"Uma das doenças infantis que acometem alguns jornalistas, notadamente quando trabalham em veículos dotados de algum prestígio, é a falta de educação.
No exercício de minhas funções como diretor executivo da Transparência Brasil, tenho de atender a imprensa. Dou uma média de cinco entrevistas por semana a todo tipo de veículo, pequenos e grandes. Não faço jornalista passar pelo crivo de assessor de imprensa e nem anteponho obstáculos artificiais e demais mecanismos tão comuns entre fontes.
Outro dia me aconteceu um incidente para mim inédito. Liga-me um funcionário da revista Veja dizendo que o repórter Fulano gostaria de falar comigo. Fico esperando na linha, ouvindo do tal funcionário declarações do tipo "estou tentando o ramal dele, espere um minuto". Disse então ao funcionário que o repórter me ligasse, e que estivesse na linha quando o fizesse.
Liga-me outra vez o funcionário, que me passa para o repórter.
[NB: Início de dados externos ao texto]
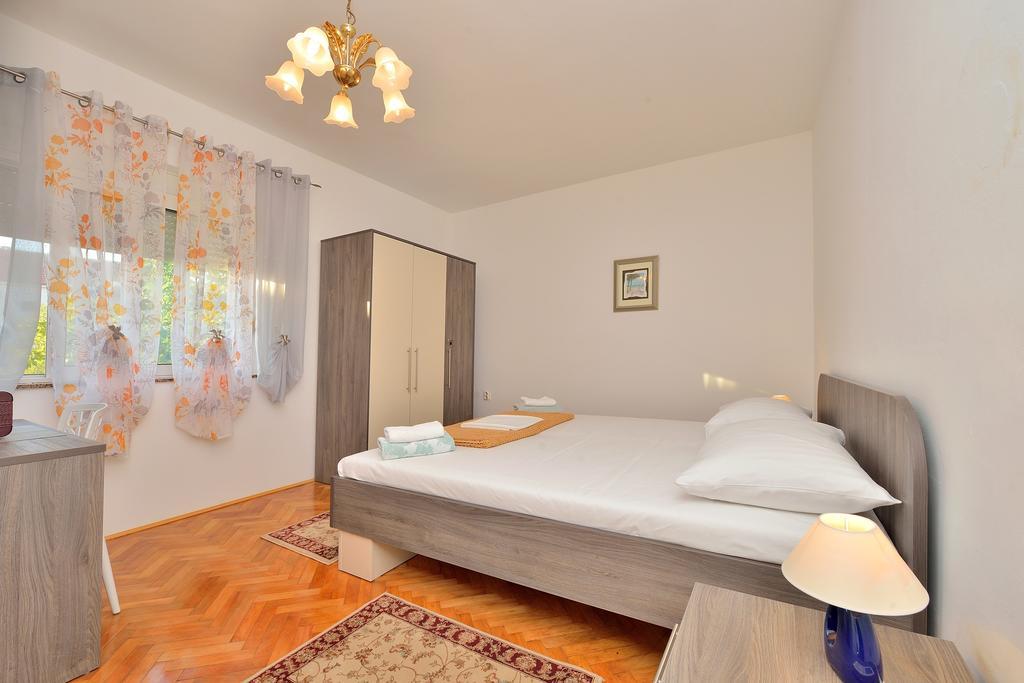 Apartment Mia ビビニェ 部屋 写真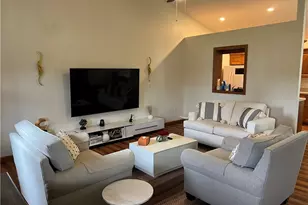 945 E Jackson St, Millersburg, OH 44654 - Photo 6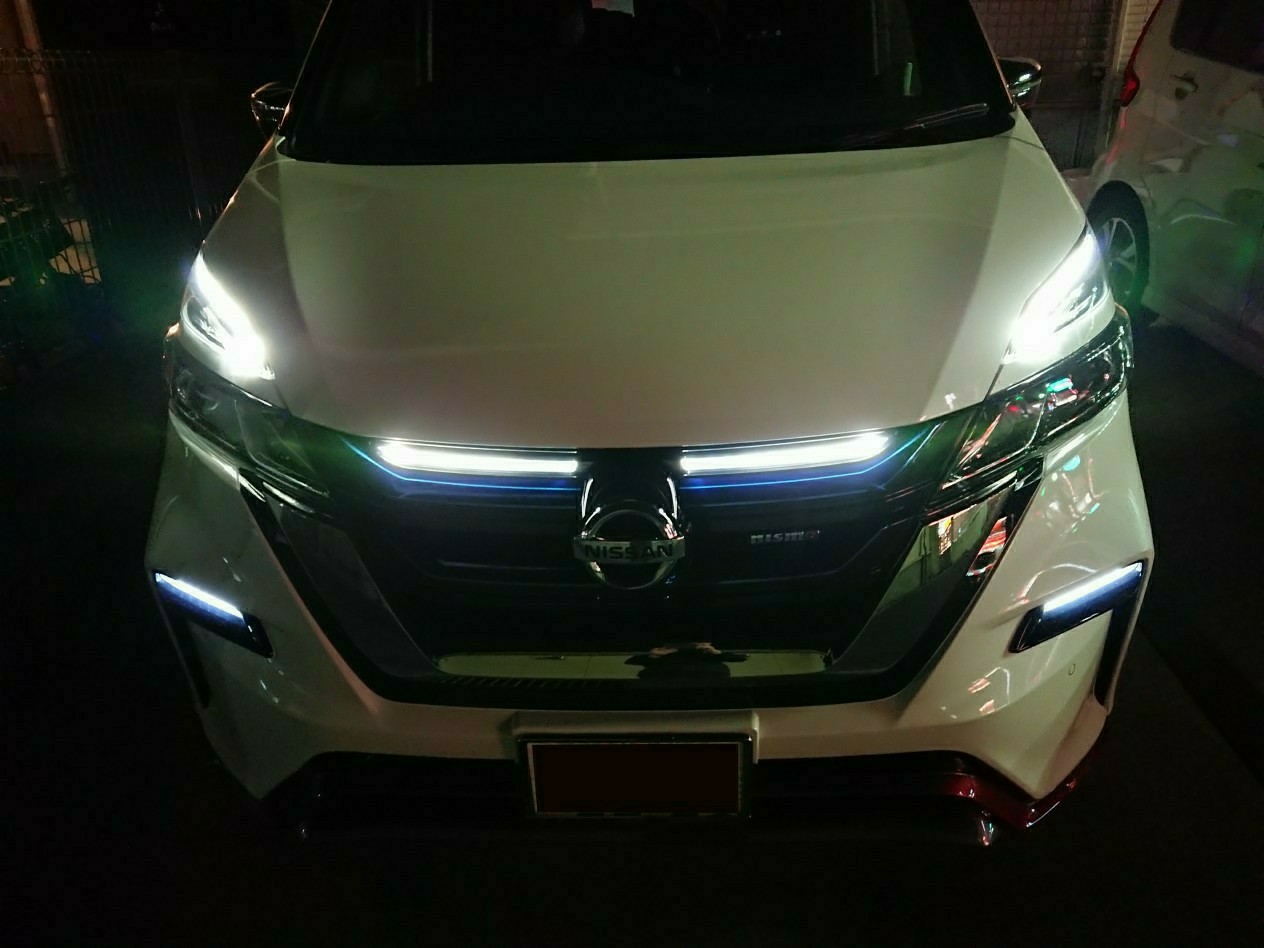 セレナC27 グリルイルミネーション 前期型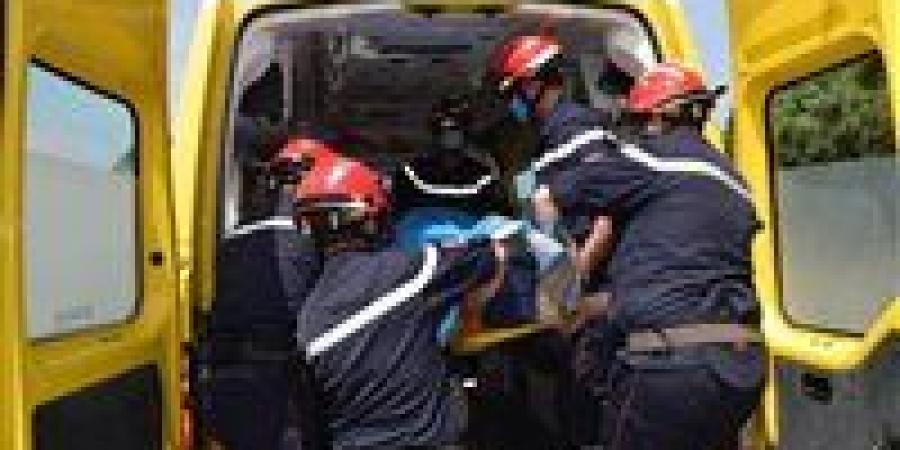 تفاصيل إصابة 20 عاملاً في انقلاب سيارة ربع نقل بصحراوي المنيا - المصدر 24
Digo ao repórter que, dado que era ele quem desejava falar comigo e não eu com ele, era inadmissível que outra pessoa ligasse e me fizesse esperar na linha.
Indigna-se o repórter: "Não pedi sua opinião sobre esse assunto", ao que respondo "então passe bem", e desligo o telefone.
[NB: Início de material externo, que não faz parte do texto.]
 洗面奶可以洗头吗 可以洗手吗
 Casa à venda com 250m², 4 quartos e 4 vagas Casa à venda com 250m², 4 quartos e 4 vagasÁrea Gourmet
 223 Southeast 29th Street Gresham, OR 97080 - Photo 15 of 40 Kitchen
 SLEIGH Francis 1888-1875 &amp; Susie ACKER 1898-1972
Não houve contacto ulterior da revista. Aparentemente, resolveu o repórter que a opinião, posição ou o que seja da Transparência Brasil sobre a pauta (que não sei qual teria sido) deixou de ser interessante.
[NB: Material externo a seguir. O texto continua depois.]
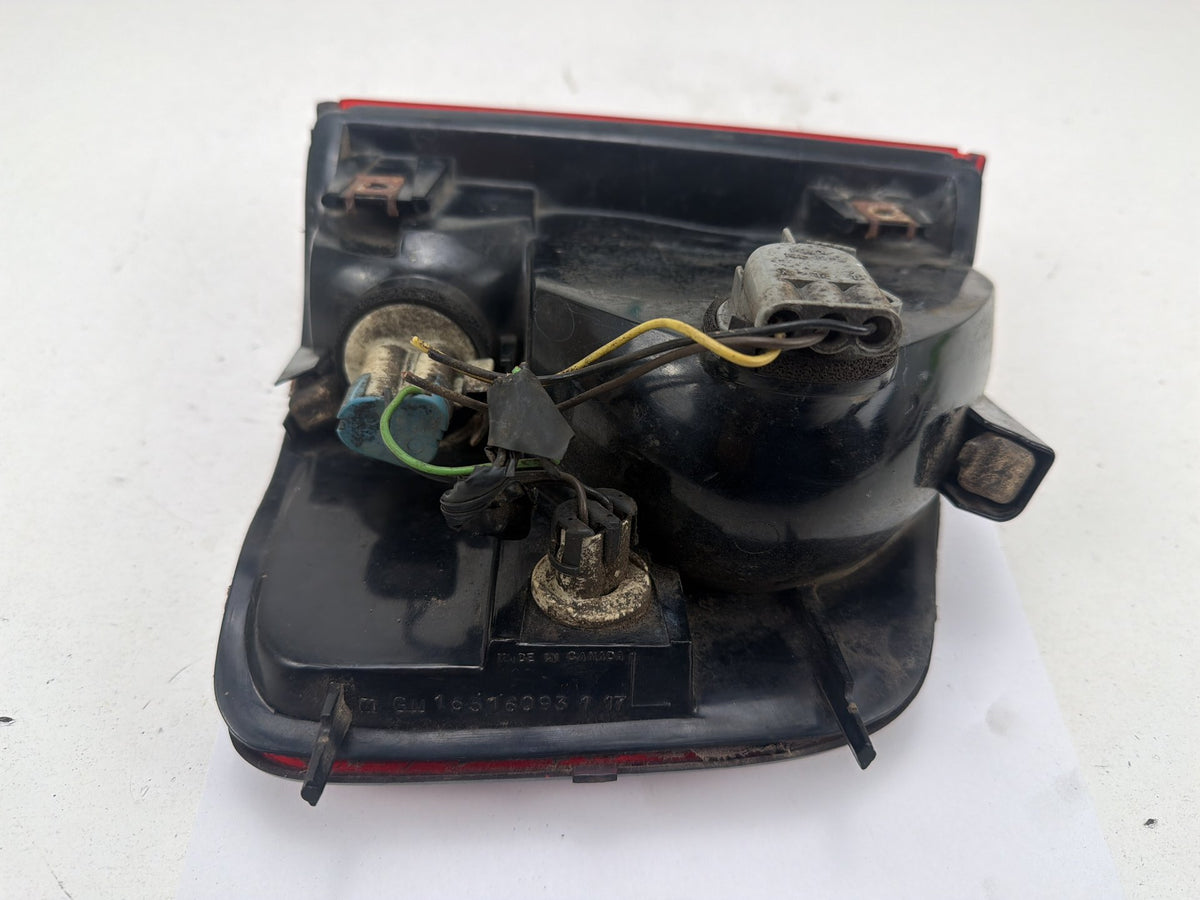 1994-2003 Chevrolet S10 Rear Left Driver Side Tail Light 16516093 OEM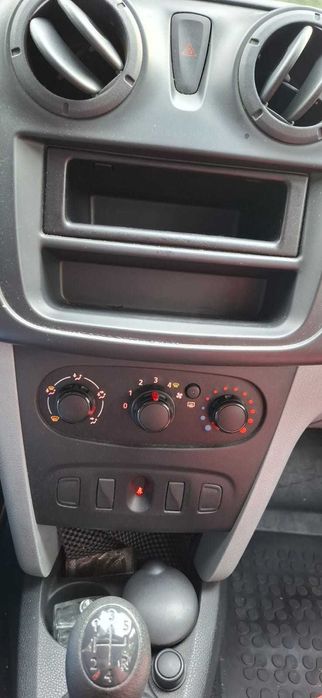 Vand Dacia Logan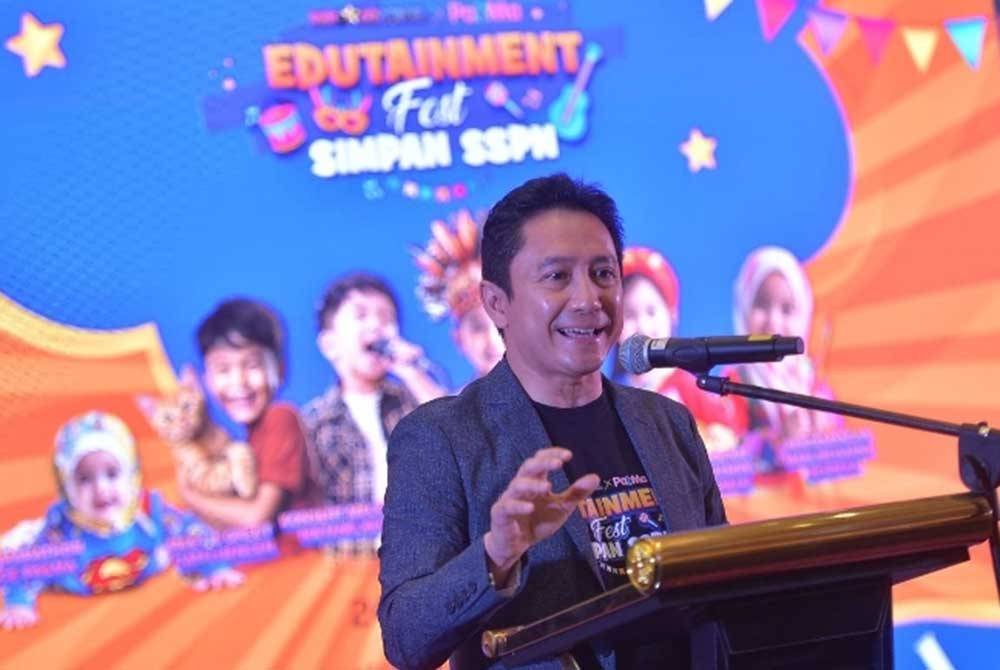 Syamil Fahim ketika menyampaikan ucapan sempena Edutainment Fest Simpan SSPN.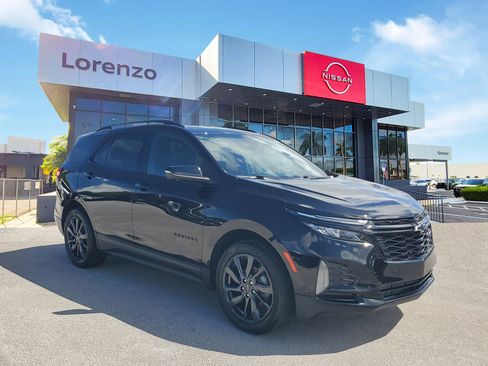 Used 2024 Chevrolet Equinox RS w/ RS Leather Package image 3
Muito bem: que tipo de ambiente profissional confere a um repórter a prerrogativa de ser mal-educado e de se indignar quando isso lhe é apontado? Não acredito que, se quisesse falar com um empresário ou ministro, o repórter em questão teria se comportado da mesma forma. O repórter teria sido submetido a uma fila interminável de intermediários que lhe perguntariam desde a natureza da pauta até outras fontes consultadas e outras inquisições semelhantes.
Determinados jornalistas tendem a acreditar que são importantes porque falam com ministros e empresários. Como vivemos num país de patrões, jornalista desse tipo sente-se patrão, e age de acordo - adota a arrogância como abre-alas. Amanhã sai da revista ou do jornal e ninguém mais se lembrará dele.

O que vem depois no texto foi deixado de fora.